Tablet discovery and publication
This clay tablet was first published as plate number 33 by Stephen Langdon in 1914 as part of a work on tablets from the Nippur expeditions in 1893. This same plate contained artifact Ni 2279, a small tablet containing lines 3-23 of "Inanna's Descent."
Before passing away in 1933, Chiera was working on publishing his artifact discoveries at the University of Chicago's Oriental Institute. His work was posthumously published in 1934 in Sumerian Epics and Myths In this publication were the first images of Ni 368 (plate number 50), one important part that connects to CBS 9800. Because Chiera only published sketches of the artifacts, it would take several years before other scholars would translate what they meant.
Importance for "Inanna's Descent"
In 1942, Samuel Kramer published a translation (and collation) of "Inanna's Descent," where the line numbers were carefully mapped out for this artifact.

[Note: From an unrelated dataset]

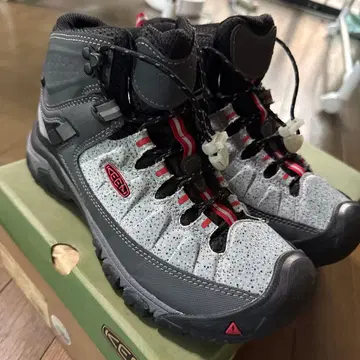 KEEN 트레킹 슈즈 그레이/블랙/레드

This publication is referred to as PAPS 85 in citations, short for the Proceedings of the American Philosophical Society; however, the journal seems to have gone defunct in 2015.
Kramer also published a revised translation of these artifacts in 1951 (in the Journal of Cuneiform Studies) as part of his many revisions to the myth's decipherment. This 1951 version of "Inanna's Descent" would remain as the main version of the myth until William R. Sladek published a revised translation in 1974.